Secondo quanto riportato da Erodoto ogni trimestre lavoravano a turno centomila uomini. La costruzione della sola rampa processionale durò 10 anni:
«...opera certo non di molto inferiore alla piramide, per quanto a me sembra. (Ha infatti una lunghezza di 5 stadi, una larghezza di 10 orge e un'altezza, nel punto più alto, di 8 orge, ed è di pietra levigata e coperta di figure intagliate.)» (Erodoto, Storie, Libro II, 124)
Diodoro Siculo
Diodoro Siculo visitò l'Egitto nel 60 a.C. e anche lui menzionò le piramidi di Giza nella sua Bibliotheca historica. Secondo Diodoro ed Erodoto la più grande delle tre piramidi fu eretta in onore del secondo faraone della IV dinastia, che alcuni hanno riportato come Cheops, Sufis e Khufu (diversi nomi con cui è indicato Cheope). Anche Diodoro riporta che la costruzione della piramide durò 20 anni, ma secondo lo storico, l'imponente struttura della piramide fu realizzata mediante l'uso di terrapieni, poiché a quell'epoca non erano ancora state inventate macchine in grado di sollevare i blocchi di costruzione. Diodoro esprime inoltre la propria meraviglia del fatto che non sia rimasta alcuna traccia attorno alla piramide né del terrapieno, né del lavoro di levigatura dei blocchi, tanto che la piramide sembra essere stata collocata in quel luogo, in mezzo alla sabbia, "dalla mano di un dio". Secondo la testimonianza di Diodoro, il rivestimento della piramide era ancora in ottime condizioni, mentre descrive la parte superiore della piramide come una piattaforma di 6 cubiti (circa 3 metri), perciò molto probabilmente il pyramidion era già scomparso. La piramide è descritta con un lato di base di 7 plettri (210 m) e con un'altezza di più di 6 (circa 180 m).
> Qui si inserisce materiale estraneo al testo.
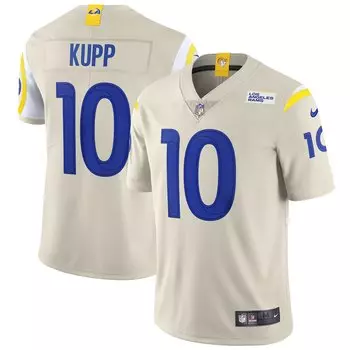 Джерси Nike Los Angeles Rams, серый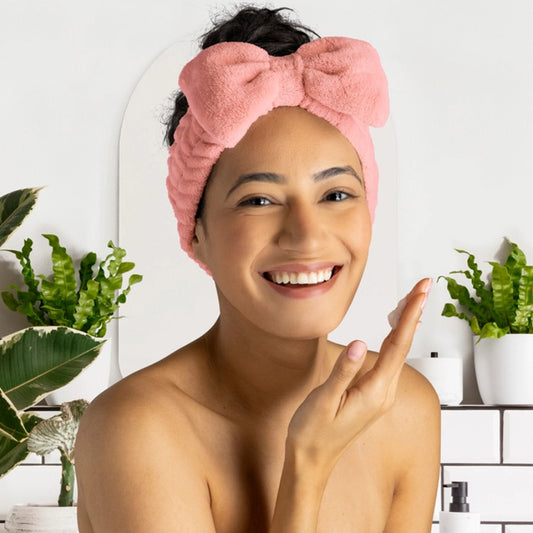 Ll Plush Spa Headband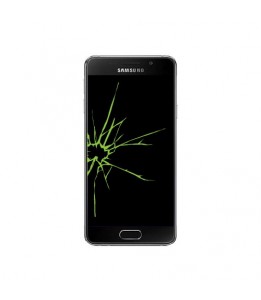 Réparation Samsung Galaxy A3 SM-A310 2016 vitre + LCD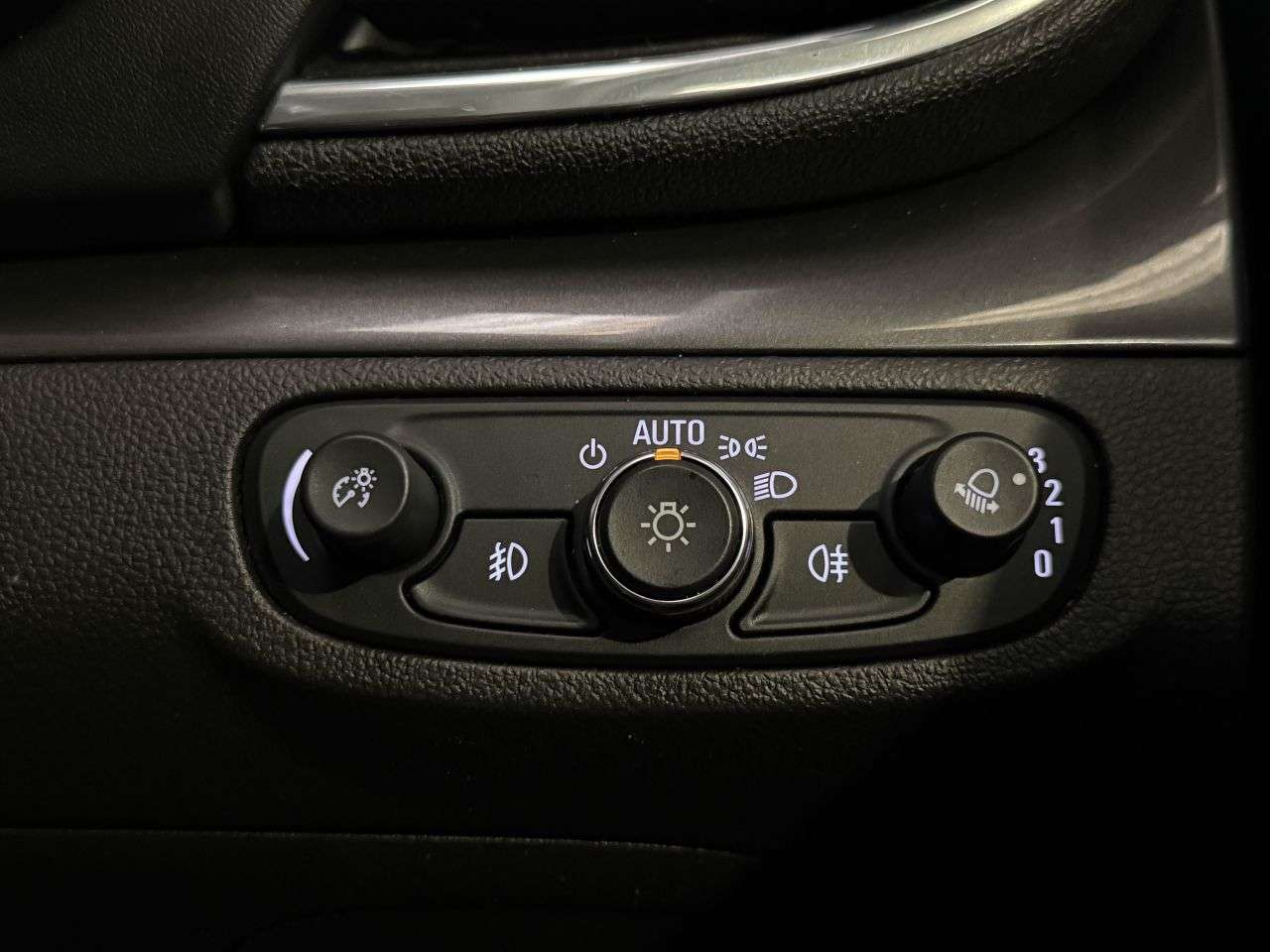 2017 VAUXHALL MOKKA X 2017 VAUXHALL MOKKA X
Il numero di lavoratori che sono stati necessari per la costruzione della piramide fu stimato in 360 000 uomini.
Strabone di Amasea
Strabone dedica il primo capitolo del libro XVII della Geografia all'Egitto ed è qui che vengono trattate le piramidi di Giza, annoverate tra le sette meraviglie del mondo. «A quaranta stadi da Memphis c'è un terrazzo roccioso sul quale le piramidi, tombe reali, si ergono in grande numero, ma tre sono quelle degne di nota. Di queste, due sono anche annoverate tra le sette meraviglie; la loro altezza, che è di poco superiore al lato di base (la forma è quadrangolare), misura uno stadio. Una è appena più grande dell'altra e in alto, quasi a metà di una faccia, reca un masso estraibile; rimuovendolo, c'è un budello sinuoso che porta fino alla camera mortuaria. Queste piramidi, dunque, sono vicine tra loro e allo stesso livello; più discosta, sulla parte più elevata del terrazzo, c'è la terza, molto più piccola delle altre due, ma costruita con una spesa molto più onerosa. Infatti dal piano di calpestio fin quasi alla metà è di pietra scura, la stessa con cui fabbricano i mortai e che si fa venire da molto lontano; si trova infatti nei monti dell'Etiopia ed è molto dura e difficile da lavorare; per questo la messa in opera risultò molto dispendiosa.» (Strabone di Amasea, Geografia, XVII 1, 33)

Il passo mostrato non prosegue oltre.